Your Children are still in fine Health, they have been two Quarters to dancing School, and they both dance excellently, but Mr. Charles exquisitely. You know what an Ear he has for Musick, and that has been of Great advantage to him in his movements. He is graceful in all his motions, and attitudes, he, as if his Profile had been faithful to the maternal charge, has held up his head much better than formerly. At the close of each Quarter the[y]
have had a Ball, in our
new assembly Room, and Mr. Charles had the honour of opening it, with a Minuet, with Miss Sally White.3
I find the Misses all like to have him for a Partner. Mr. Le Blanch closed his School with a publick Ball the 15 of this Month, and now Mr. Charles having improved by the Graces, must pursue after their Mistress Literature, with greater diligence than ever, for it is but a few Months now, before Mr. Shaw expects to offer him, with Mr. Samuel Walker, at the University of Cambridge, where I hope neither Preceptor, nor Scholar will have the mortification of a Refusal.
Thomas is a very good Child, he does not want for fondling over because your are absent, he has many a kind stroke, and kiss upon that account. Miss Nancy often makes me think of your Jenny's behaviour to Tommy, the pleasantness and innocence of two little Children. I think his natural roughness is much worn of, and he never thinks of seting down out of his School Room, but with us.
I have not received the Trunk of Cloaths you mention yet, but hope to, before I make their Summer wear, for Cousin Charles has outgrown all his, and Thomas must have them. I have made them both Winter Coats and waistcoats of cloth couloured Lambskin. It was Mr. Charle's Taste. Tommys uniform blue coat and Jacket, and [I?] shall carry to Braintree. I believe they both will make a very good coat for his Cousin Boylstone.

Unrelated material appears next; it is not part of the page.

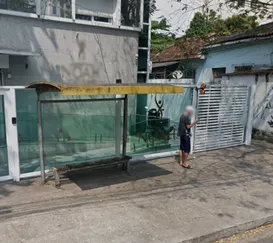 Mulher morre após correr atrás de assaltantes em Niterói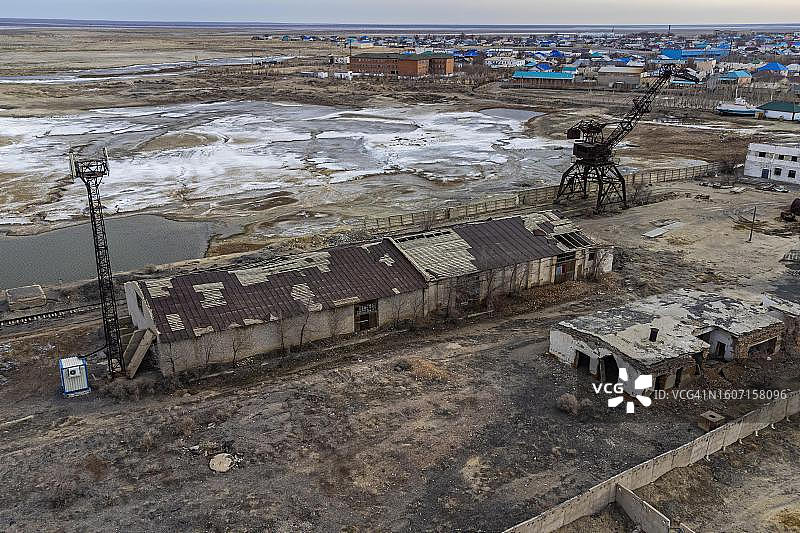 哈萨克斯坦的咸海及阿拉尔斯克鸟瞰，可见锈迹斑斑的起重机图片素材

What they have not out-grown, I have mended so that they are not worth much. I shall endeavour to distribute their cloaths so as to do as much good as possible, or in other words, I shall act as I think my Sister would. I believe the Linnen which was made up for my Cousins before you embarked was damaged, for they did not put them on till the midle of January, and they are now mended more than you would wish to see them. I sent Last week to have Linnen purchased for them and it is accordingly done. So you need not think the poor Boys will suffer. For I shall always take unspeakable pleasure in serving them, while their dear native Gaurdians are absent.—Judge Seargants [Sargeant] Family are well. Mr. Payson was married to Mrs. White a month ago, and I have made the wedding Visit, and found them as fond a Couple as you would chuse to see in the honey-Moon.—Dear Venerable Mrs. Marsh has been confined to her room, and cheifly to her Bed, ever since September, but as meek, and resigned as Patience itself. Faith, Hope, and humble Zeal asswages her Pain, and lightens the weight of her heavy Sufferings.
I have most got to the end of my paper, and have not said half what I intended. I have not thanked You for your account of Enfans
Trouves, I indeed lament the Cause, while I am pleased with the Institution. I think that country that will admit 52 thousand unmarried Women to enter their Names at the police for abandoned purposes, ought certainly to make ample provision for such a spurious Offspring.